Wednesday, March 14, 2007

Where's Ron White? And what does he have to do with Kareem Amer? Nothing...

The new blog uses Google Analytics, rather than Blogpatrol, to track blog activity. Yesterday, I got hits for both Ron Paul (because of my Ron Paul post) and Ron Dellums (because of my Ron Dellums post - actually a Mahree Bok post, but who's counting?).

(Allow me to shift gears.)

But I did find one "similar names" story in which two people, despite their differences, were able to unite on one topic.

Two congressmen - one a very conservative Republican and one a very liberal Democrat - have co-signed a letter to Nabil Fahmy, Egypt’s Ambassador to the US. The letter demands Kareem’s release.

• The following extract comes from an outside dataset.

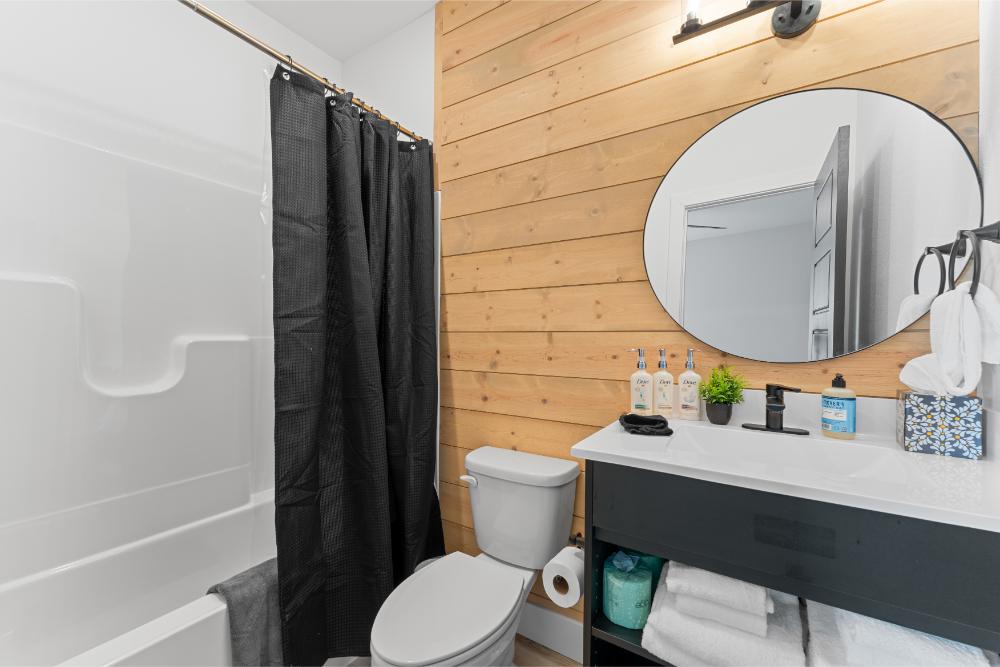 Private ensuite bathroom features a soaking tub and shower combination for a relaxing end to the day.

The letter is signed by Trent Franks and Barney Frank. Franks (Trent) has said more about the imprisoned Egyptian blogger.

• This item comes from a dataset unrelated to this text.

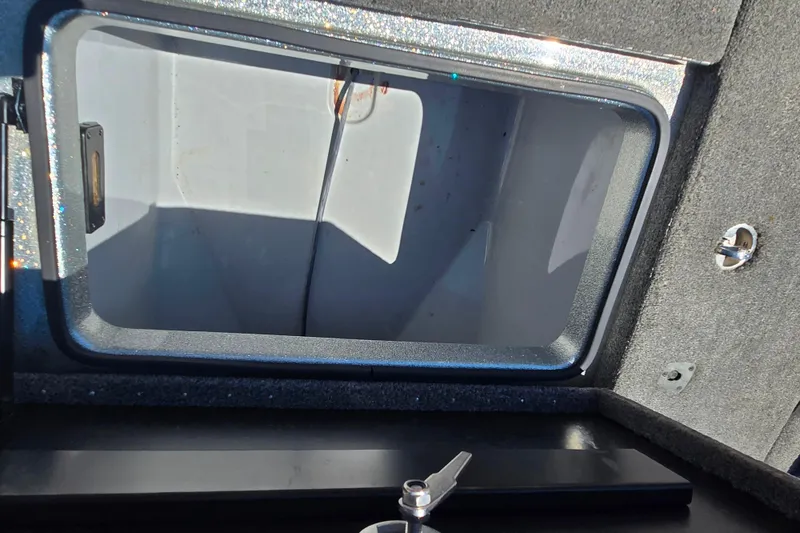Slide: The Image of Open storage compartment in 2011 Triton 20XS DC boat, showcasing interior space. - 13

If Egypt is to be considered a vibrant and tolerant society, it must be a pluralistic one that protects freedom of speech and tolerance of religious diversity.

Of course, some will allege that we are imposing our own values on non-Western societies. Too bad.

Every year I am forced to make the difficult decision as to how I will vote on the foreign operations bill that authorizes the way American tax dollars are spent to aid our friends and allies.

Perhaps that got someone's attention. I'll grant that we are often accused of "meddling in domestic affairs," but those who make the allegations perhaps shouldn't take our dirty infidel money and thus compromise themselves.

Some of the countries in that bill, including Israel and Jordan, meet those standards that protect basic human rights, and I wish I could vote separately for their aid; however, I have time after time voted against final passage of the bill because of instances in which countries receiving aid, stifle basic human rights and fail to seriously combat terrorism.

Hmm...a Congressional line item veto. Interesting concept.

As I write this, a young champion for freedom, Abdelkareem Nabil Soliman, sits in an Egyptian prison for ridiculing violence in the name of Islam. Surely, a country that sincerely values the dignity of every individual will immediately release this young man who is facing years of captivity for voicing opposition to the notion of violence in the name of religion.

Yes, but he is also charged with ridiculing the President - and that meets tough criticism in any country, even the so-called "enlightened" ones.